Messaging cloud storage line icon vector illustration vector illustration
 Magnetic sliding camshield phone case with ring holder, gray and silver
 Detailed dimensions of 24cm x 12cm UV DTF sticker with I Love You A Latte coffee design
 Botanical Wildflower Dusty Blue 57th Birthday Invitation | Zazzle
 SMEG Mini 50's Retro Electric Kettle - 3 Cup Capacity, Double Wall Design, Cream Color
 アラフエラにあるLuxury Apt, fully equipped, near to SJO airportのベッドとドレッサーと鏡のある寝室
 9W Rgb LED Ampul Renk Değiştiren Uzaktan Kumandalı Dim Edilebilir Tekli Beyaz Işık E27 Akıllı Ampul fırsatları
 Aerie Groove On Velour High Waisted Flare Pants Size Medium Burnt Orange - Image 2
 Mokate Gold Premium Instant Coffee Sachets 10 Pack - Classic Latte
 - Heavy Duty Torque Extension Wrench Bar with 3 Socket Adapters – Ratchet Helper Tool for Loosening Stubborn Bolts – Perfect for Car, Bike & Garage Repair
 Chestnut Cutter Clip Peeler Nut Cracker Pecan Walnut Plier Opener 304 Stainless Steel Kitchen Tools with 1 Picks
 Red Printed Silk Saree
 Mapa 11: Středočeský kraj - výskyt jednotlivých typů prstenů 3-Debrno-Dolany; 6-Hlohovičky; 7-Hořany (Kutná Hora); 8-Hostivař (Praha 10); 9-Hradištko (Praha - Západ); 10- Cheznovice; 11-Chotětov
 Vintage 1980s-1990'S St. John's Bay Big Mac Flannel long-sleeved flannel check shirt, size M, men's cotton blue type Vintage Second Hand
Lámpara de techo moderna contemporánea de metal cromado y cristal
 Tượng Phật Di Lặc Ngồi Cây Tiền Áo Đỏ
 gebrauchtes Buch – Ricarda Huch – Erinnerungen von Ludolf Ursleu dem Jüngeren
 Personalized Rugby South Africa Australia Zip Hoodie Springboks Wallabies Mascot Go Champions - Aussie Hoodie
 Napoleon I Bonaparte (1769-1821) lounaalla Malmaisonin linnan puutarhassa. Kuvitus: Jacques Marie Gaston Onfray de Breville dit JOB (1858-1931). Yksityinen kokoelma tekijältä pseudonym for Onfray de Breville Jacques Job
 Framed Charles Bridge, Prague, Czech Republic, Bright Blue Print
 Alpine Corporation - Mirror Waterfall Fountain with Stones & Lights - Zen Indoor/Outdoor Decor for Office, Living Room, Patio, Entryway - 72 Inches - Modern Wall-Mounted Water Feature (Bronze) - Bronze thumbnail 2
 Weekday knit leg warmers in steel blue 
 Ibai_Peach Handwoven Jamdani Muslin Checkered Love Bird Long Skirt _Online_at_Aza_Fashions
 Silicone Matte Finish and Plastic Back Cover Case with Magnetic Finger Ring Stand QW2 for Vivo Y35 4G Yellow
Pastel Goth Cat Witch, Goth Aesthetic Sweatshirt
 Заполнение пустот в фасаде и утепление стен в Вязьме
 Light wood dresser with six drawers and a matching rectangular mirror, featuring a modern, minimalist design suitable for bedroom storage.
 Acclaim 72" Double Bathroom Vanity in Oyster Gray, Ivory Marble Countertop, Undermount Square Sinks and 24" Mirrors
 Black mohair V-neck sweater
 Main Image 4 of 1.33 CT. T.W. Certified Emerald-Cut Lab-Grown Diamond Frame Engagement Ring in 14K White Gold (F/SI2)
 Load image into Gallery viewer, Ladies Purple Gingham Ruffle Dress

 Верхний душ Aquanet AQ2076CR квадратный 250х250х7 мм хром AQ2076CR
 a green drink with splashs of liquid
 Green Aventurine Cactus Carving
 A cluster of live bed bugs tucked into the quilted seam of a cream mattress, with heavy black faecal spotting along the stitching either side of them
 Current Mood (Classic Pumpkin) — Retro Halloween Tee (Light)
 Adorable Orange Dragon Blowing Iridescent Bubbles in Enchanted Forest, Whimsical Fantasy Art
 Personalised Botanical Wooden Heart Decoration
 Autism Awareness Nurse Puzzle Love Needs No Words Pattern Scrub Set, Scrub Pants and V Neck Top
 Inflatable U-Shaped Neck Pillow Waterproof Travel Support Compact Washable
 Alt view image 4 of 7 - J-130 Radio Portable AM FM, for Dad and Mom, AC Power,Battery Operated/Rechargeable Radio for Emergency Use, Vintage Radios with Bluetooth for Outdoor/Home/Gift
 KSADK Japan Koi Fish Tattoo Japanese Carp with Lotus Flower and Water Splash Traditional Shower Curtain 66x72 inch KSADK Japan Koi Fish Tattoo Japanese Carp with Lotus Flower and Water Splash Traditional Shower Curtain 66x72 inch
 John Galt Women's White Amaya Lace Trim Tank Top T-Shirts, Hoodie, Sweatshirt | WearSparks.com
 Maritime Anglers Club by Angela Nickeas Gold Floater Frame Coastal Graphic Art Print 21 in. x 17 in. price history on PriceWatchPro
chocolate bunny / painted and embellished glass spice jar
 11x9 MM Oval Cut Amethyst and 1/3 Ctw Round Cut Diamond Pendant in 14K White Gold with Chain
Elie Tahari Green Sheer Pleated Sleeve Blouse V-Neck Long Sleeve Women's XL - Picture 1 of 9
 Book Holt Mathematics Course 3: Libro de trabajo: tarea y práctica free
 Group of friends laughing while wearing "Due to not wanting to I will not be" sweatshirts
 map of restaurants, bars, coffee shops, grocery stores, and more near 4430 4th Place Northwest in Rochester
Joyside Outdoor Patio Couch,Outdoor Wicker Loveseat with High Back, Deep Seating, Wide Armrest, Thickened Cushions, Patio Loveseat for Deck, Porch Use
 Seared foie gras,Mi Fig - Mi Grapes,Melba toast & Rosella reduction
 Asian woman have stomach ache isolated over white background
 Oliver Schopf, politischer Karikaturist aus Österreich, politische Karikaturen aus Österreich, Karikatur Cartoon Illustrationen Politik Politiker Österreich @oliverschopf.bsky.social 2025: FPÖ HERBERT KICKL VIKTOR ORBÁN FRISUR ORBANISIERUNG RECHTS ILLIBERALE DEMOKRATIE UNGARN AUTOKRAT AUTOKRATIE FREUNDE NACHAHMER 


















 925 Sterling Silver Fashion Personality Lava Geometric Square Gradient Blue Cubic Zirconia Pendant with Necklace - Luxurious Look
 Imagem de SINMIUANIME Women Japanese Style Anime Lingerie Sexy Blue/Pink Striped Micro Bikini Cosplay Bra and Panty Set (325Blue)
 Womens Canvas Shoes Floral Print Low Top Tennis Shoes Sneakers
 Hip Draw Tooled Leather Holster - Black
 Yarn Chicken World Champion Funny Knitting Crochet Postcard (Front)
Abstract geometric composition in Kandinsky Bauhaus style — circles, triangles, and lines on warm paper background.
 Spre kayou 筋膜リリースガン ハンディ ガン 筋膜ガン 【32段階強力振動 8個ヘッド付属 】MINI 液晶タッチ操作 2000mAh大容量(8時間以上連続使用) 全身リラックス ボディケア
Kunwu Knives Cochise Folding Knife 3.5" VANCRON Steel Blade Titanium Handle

********************

EXERCISE REQUIREMENTS:
Once you find the line with "Light wood dresser" above, print it and every line after it up to and including the line with "Personalised Botanical Wooden", exactly as written and nothing else.

WRITTEN ANSWER:
 Light wood dresser with six drawers and a matching rectangular mirror, featuring a modern, minimalist design suitable for bedroom storage.
 Acclaim 72" Double Bathroom Vanity in Oyster Gray, Ivory Marble Countertop, Undermount Square Sinks and 24" Mirrors
 Black mohair V-neck sweater
 Main Image 4 of 1.33 CT. T.W. Certified Emerald-Cut Lab-Grown Diamond Frame Engagement Ring in 14K White Gold (F/SI2)
 Load image into Gallery viewer, Ladies Purple Gingham Ruffle Dress

 Верхний душ Aquanet AQ2076CR квадратный 250х250х7 мм хром AQ2076CR
 a green drink with splashs of liquid
 Green Aventurine Cactus Carving
 A cluster of live bed bugs tucked into the quilted seam of a cream mattress, with heavy black faecal spotting along the stitching either side of them
 Current Mood (Classic Pumpkin) — Retro Halloween Tee (Light)
 Adorable Orange Dragon Blowing Iridescent Bubbles in Enchanted Forest, Whimsical Fantasy Art
 Personalised Botanical Wooden Heart Decoration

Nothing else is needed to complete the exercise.